Now that they can just buy better players openly, with no draft system or any structure at all, really...why not spend all your money on that and get okay coaches, and see if it's really about the Xs and the Os or the Johnnies and the Joes?
 


I think to see this, we'd have to get to where the players in the top conferences/division band together in a union and demand X% of the TV revenue.

Then that $100M/year that Minnesota is going to be getting from the Big Ten, suddenly 30,40, maybe 50M of that is being directly pay-to-play to the players on the football and men's basketball teams (women's bball too probably).
 

I think to see this, we'd have to get to where the players in the top conferences/division band together in a union and demand X% of the TV revenue.

Then that $100M/year that Minnesota is going to be getting from the Big Ten, suddenly 30,40, maybe 50M of that is being directly pay-to-play to the players on the football and men's basketball teams (women's bball too probably).
They can’t unionize they aren’t employees. Which is part of why there will never be direct payments from schools
 




It was denied by the NLRB
They tried to unionize and were told they can’t
The regional board approved it.

Then it got political and the national board did as they were told to do.


All good. I just think it's a thing that could happen.
 

Then there is SB-1401 out in California, which is a new bill that requires pay-for-play.

This is the state that gave us NIL in the first place.
 

The regional board approved it.

Then it got political and the national board did as they were told to do.


All good. I just think it's a thing that could happen.
Unless the supremacy clause goes away the national board is more important than the regional board
 



Then there is SB-1401 out in California, which is a new bill that requires pay-for-play.

This is the state that gave us NIL in the first place.

It didn’t pass committee. NIL didn’t directly hurt athletic departments, schools, programs. SB-1401 would have been a bomb going off. The 50% revenue sharing with players would be disastrous and surely plenty of people suddenly found (quasi) amateurism religion again.

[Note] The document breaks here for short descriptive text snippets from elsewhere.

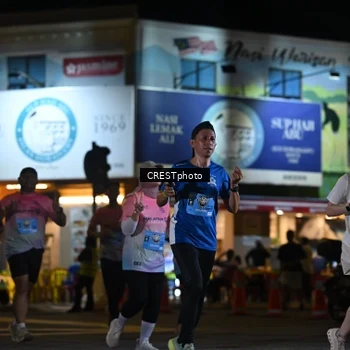 Runner Photo 5536052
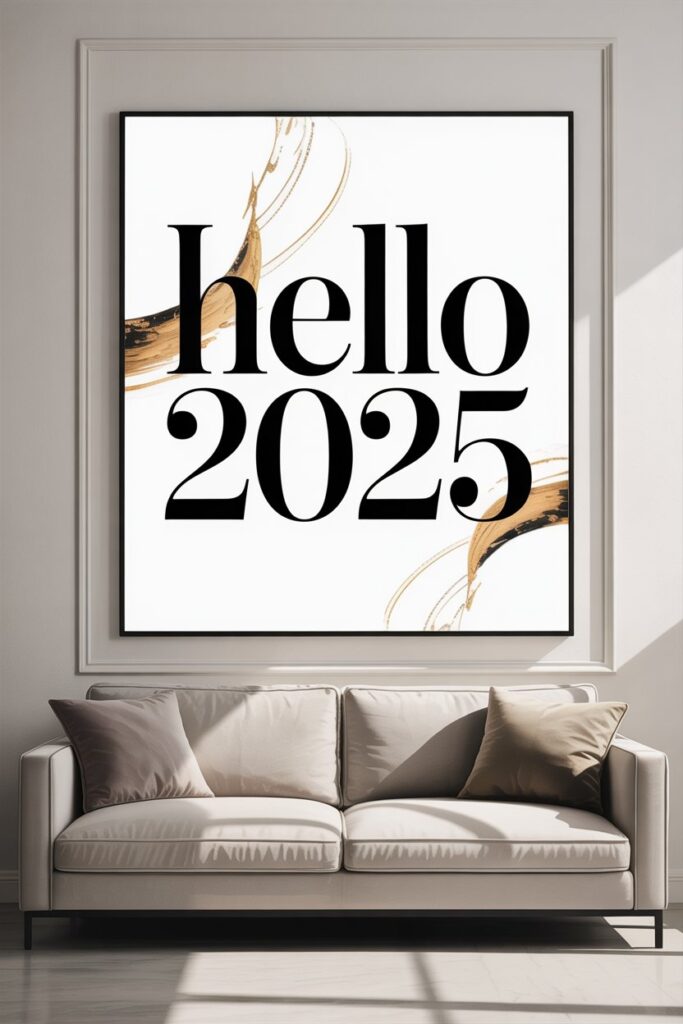 Upgrade Your Wall Art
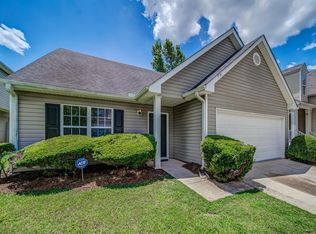 2248 Wingfoot Pl, Decatur, GA 30035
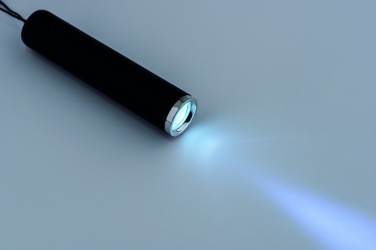 Logotrade Werbegeschenke das Foto: LED Taschenlampe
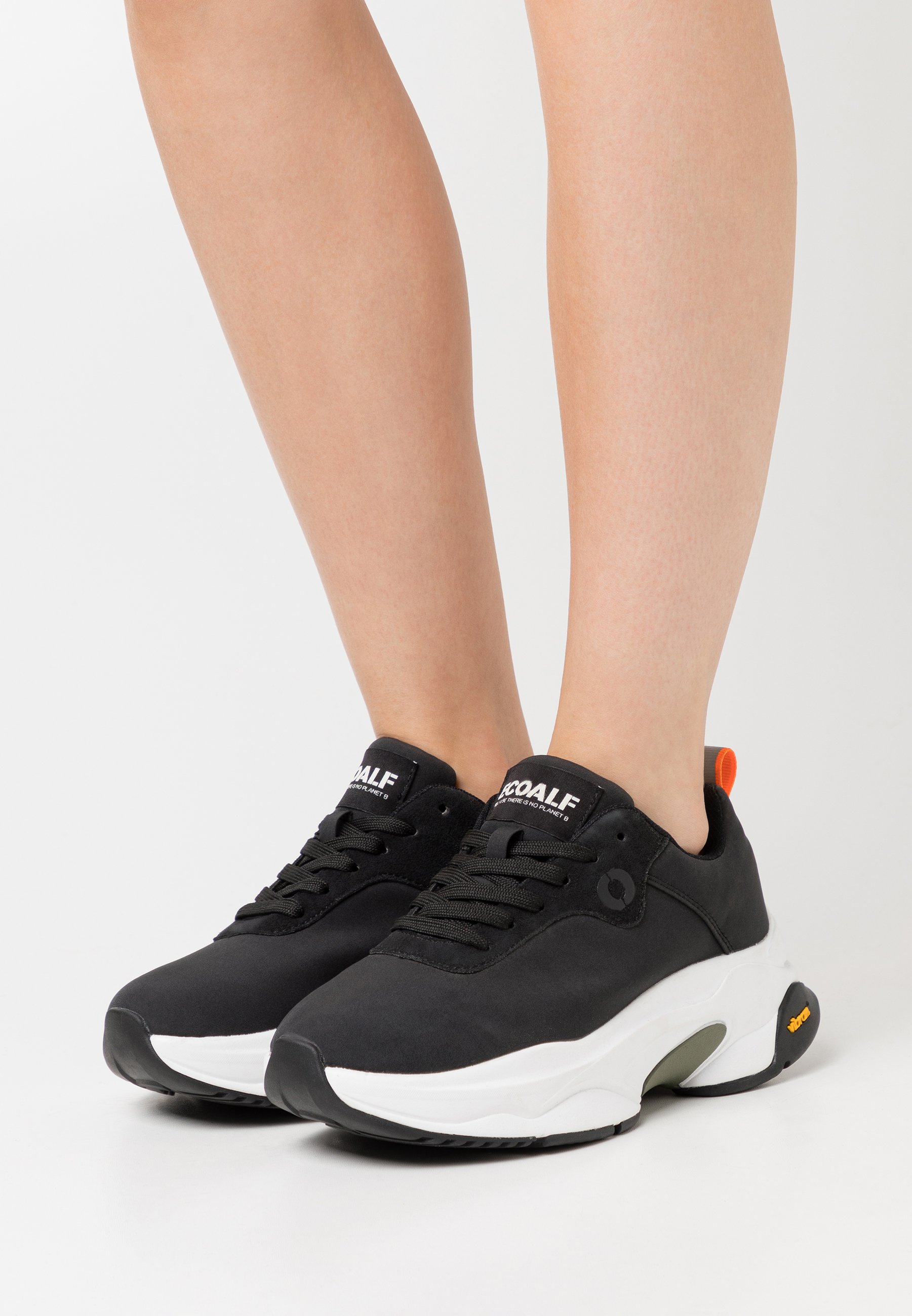 ECOALF SANDFORD white F/W - Rione Fontana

Maybe the NCAA stepped in. /s
 

It didn’t pass committee. NIL didn’t directly hurt athletic departments, schools, programs. SB-1401 would have been a bomb going off. The 50% revenue sharing with players would be disastrous and surely plenty of people suddenly found (quasi) amateurism religion again.

Maybe the NCAA stepped in. /s
Timing isn't right, right now. That's really all it is.

This is coming. It's the last big step.
 

Timing isn't right, right now. That's really all it is.

This is coming. It's the last big step.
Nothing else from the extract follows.